Belize Economic Outlook

IMF reviews Belize economy;

Key recommendations. Staff recommended a gradual increase in the primary surplus to 4½ percent of GDP, mainly through wage and pension reforms, to place the public debt on a firm downward path and reduce external financing needs. It also recommended continued actions to strengthen the financial system and welcomed improvements in the monetary policy framework. The authorities broadly agreed with the recommendations, particularly tostrengthen the banking system. They planned to seek consensus on needed fiscal reforms, but noted that, in the near term, social conditions strictly constrained the scope for fiscal consolidation.

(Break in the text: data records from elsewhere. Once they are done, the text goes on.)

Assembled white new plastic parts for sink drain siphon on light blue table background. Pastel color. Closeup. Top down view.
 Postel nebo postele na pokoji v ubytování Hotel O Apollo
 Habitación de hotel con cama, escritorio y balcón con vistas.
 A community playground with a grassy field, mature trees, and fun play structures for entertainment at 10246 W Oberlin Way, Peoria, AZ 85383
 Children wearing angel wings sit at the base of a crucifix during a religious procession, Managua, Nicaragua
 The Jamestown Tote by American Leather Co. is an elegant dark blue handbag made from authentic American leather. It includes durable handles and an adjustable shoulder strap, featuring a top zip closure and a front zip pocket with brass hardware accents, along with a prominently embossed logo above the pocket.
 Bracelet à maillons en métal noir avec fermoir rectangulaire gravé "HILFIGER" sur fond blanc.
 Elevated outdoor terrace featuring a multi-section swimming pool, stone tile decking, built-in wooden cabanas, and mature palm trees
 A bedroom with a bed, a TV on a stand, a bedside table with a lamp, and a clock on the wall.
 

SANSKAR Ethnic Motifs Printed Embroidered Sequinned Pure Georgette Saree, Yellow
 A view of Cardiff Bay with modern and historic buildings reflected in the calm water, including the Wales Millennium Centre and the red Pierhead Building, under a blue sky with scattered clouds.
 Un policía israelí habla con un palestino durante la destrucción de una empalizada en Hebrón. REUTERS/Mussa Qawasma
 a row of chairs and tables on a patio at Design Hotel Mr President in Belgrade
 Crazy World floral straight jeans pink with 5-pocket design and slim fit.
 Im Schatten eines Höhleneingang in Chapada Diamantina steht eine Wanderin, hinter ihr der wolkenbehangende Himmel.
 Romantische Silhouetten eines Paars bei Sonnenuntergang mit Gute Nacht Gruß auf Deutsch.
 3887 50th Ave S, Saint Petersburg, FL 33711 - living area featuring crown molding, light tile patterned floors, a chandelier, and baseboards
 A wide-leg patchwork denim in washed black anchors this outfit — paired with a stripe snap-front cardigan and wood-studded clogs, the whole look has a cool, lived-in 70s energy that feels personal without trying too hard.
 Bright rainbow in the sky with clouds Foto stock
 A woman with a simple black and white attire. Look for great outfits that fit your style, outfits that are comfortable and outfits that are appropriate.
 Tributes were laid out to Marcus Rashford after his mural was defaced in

The authorities seek to reinvigorate growth prospects and reduce the poverty
rate to 35 percent by 2013
. The development plan for 2010–13 focuses on job creation and identifies sources of growth in tourism, agro-industry, and fishing. It rests on five pillars: developing small enterprises; strengthening export trade capacity; enhancing human development; addressing social dislocations and reducing crime; and managing environmental and natural disaster risk. The plan seeks to strengthen competitiveness by addressing infrastructure bottlenecks, high costs of financing, and red tape. It contains investment and social plans that will be assessed and integrated into the multiyear budget and presented to donors later this year.